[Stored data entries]
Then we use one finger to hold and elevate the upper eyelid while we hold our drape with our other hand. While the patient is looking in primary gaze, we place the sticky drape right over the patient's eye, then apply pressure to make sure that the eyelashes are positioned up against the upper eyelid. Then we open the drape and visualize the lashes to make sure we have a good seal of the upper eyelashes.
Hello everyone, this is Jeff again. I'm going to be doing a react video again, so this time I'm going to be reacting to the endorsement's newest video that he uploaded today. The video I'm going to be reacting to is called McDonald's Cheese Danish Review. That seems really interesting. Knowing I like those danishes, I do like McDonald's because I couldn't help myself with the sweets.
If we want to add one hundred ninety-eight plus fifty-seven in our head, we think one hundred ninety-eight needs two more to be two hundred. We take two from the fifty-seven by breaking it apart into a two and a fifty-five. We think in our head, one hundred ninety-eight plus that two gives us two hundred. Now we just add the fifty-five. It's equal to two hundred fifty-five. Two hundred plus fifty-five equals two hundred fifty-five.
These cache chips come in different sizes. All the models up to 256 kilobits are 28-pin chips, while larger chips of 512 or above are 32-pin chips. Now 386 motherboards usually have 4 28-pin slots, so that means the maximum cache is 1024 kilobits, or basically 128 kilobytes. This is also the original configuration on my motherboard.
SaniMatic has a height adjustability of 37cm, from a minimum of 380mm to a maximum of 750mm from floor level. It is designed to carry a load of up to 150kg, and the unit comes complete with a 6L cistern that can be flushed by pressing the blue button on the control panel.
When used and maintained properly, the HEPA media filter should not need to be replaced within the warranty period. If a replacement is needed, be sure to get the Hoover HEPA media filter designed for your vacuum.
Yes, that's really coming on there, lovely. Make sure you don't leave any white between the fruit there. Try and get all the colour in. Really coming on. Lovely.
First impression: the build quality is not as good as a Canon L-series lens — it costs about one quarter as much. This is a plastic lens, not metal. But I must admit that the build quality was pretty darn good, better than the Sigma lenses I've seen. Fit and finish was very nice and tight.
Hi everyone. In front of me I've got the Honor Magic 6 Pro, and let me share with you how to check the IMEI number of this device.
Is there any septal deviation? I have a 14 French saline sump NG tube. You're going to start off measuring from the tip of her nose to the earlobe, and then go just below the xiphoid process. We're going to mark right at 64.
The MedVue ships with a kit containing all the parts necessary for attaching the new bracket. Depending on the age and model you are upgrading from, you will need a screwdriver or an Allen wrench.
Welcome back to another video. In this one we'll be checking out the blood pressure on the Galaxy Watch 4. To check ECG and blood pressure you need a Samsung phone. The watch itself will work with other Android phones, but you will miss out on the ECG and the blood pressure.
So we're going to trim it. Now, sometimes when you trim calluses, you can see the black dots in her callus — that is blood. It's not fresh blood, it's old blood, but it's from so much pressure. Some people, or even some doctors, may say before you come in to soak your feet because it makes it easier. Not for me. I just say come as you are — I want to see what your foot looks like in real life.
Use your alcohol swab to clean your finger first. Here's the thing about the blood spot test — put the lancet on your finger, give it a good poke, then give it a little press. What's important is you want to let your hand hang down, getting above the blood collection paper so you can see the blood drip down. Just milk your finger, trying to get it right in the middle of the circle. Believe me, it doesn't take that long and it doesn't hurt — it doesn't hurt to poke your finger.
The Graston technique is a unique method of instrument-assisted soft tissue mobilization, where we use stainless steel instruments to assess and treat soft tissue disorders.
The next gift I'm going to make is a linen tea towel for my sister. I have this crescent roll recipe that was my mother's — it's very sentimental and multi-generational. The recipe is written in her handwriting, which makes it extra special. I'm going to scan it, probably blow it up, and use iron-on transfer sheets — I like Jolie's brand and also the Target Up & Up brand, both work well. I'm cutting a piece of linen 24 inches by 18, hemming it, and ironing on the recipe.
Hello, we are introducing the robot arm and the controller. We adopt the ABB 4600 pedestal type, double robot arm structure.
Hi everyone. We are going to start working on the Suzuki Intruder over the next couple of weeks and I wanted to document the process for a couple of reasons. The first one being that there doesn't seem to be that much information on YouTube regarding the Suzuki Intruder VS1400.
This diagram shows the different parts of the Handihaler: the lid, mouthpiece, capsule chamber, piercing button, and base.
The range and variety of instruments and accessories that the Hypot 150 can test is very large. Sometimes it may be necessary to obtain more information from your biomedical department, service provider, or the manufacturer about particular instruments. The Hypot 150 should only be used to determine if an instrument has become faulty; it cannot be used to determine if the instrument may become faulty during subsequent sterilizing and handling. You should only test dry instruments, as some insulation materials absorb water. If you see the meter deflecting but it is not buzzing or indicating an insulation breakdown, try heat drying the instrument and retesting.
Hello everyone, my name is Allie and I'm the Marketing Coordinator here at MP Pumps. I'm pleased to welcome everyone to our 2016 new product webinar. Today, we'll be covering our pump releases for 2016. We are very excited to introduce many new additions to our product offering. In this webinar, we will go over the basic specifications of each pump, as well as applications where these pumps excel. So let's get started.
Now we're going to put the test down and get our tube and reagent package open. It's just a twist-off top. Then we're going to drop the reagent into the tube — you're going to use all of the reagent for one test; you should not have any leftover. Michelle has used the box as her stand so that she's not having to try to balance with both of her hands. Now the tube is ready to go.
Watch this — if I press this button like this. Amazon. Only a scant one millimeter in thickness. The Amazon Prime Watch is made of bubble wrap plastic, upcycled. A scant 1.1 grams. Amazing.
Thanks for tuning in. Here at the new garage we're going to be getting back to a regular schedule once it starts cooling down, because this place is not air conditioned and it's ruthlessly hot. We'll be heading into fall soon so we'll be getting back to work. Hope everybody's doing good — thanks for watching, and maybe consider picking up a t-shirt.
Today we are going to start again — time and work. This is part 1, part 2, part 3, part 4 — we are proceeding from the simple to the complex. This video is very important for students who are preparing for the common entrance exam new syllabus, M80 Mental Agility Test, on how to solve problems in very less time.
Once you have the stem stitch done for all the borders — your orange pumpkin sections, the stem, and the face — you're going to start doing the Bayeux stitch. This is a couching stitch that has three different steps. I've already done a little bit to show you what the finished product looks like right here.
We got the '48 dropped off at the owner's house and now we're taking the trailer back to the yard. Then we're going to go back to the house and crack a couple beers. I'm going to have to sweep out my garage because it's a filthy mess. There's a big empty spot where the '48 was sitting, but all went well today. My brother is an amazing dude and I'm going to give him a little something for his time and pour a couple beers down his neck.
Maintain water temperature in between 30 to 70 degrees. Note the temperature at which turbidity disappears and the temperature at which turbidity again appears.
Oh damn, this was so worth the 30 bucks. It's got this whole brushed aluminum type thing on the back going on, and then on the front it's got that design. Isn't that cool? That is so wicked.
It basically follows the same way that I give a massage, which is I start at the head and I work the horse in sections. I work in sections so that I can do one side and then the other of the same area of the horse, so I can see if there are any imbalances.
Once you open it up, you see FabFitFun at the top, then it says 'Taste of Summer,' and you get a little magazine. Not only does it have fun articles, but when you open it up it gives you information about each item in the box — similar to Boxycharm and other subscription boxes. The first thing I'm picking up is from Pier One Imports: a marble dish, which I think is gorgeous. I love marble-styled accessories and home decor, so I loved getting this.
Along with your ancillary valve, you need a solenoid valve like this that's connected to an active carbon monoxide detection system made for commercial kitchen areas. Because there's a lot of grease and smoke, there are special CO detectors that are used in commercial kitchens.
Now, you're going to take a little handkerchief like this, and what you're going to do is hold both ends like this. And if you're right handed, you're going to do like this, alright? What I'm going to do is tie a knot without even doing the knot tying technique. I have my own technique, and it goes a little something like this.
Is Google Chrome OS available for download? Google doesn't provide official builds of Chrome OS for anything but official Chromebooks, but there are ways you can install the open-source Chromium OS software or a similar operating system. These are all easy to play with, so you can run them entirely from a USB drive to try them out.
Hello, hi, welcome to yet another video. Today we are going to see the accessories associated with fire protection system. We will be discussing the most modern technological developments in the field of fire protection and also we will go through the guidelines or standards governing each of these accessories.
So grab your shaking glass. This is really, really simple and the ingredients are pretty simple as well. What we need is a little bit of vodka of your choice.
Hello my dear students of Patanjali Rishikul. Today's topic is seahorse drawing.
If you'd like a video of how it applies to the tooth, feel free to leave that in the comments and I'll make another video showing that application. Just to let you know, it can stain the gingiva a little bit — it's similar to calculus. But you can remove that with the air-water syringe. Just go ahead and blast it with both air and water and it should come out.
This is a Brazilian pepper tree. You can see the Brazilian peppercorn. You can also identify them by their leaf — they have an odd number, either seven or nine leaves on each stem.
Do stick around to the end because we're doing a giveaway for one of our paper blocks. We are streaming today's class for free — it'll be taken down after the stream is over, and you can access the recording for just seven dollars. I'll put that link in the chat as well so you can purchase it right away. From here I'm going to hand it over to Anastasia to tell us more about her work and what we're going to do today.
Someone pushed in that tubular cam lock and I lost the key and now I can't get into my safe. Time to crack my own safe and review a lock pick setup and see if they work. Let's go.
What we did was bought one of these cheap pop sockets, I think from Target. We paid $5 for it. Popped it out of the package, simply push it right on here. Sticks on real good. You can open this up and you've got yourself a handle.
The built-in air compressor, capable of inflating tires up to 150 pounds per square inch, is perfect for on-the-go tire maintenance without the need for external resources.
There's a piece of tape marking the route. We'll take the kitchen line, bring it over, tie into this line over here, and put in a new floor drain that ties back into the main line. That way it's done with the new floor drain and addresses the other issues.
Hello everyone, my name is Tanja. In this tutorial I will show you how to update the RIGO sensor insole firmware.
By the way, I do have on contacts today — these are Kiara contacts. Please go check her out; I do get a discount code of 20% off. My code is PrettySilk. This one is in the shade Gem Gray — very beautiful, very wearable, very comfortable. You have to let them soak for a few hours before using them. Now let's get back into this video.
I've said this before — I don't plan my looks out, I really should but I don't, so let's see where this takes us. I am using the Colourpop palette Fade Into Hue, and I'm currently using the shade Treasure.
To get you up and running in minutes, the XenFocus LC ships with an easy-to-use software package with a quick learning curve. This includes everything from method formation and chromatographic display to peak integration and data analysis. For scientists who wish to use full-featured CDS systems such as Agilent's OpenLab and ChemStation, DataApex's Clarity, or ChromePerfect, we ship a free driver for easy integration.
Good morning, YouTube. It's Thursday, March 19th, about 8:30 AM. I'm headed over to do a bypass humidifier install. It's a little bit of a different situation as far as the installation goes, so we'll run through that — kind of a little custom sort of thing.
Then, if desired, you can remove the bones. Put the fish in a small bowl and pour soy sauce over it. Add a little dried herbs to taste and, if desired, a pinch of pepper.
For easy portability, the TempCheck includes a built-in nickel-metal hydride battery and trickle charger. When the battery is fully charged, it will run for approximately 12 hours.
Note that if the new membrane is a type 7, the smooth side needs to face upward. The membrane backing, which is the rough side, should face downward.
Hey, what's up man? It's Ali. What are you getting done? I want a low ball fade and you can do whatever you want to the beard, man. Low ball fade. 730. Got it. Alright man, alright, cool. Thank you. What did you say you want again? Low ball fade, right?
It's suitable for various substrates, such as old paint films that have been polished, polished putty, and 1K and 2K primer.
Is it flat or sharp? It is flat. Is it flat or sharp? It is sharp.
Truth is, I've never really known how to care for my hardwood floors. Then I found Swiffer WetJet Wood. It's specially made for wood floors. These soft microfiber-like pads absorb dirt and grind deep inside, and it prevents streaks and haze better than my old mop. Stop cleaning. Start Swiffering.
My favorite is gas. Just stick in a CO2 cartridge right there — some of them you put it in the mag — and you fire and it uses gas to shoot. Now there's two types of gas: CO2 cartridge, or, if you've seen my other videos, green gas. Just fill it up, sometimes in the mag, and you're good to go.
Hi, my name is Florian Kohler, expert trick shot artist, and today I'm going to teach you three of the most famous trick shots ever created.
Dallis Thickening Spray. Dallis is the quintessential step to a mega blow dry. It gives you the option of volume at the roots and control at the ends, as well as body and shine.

_Exercise instructions_
Only the lines above, from the first through the one holding "Hello everyone, this", are to be output, and they must be copied exactly.

_Solution_
Then we use one finger to hold and elevate the upper eyelid while we hold our drape with our other hand. While the patient is looking in primary gaze, we place the sticky drape right over the patient's eye, then apply pressure to make sure that the eyelashes are positioned up against the upper eyelid. Then we open the drape and visualize the lashes to make sure we have a good seal of the upper eyelashes.
Hello everyone, this is Jeff again. I'm going to be doing a react video again, so this time I'm going to be reacting to the endorsement's newest video that he uploaded today. The video I'm going to be reacting to is called McDonald's Cheese Danish Review. That seems really interesting. Knowing I like those danishes, I do like McDonald's because I couldn't help myself with the sweets.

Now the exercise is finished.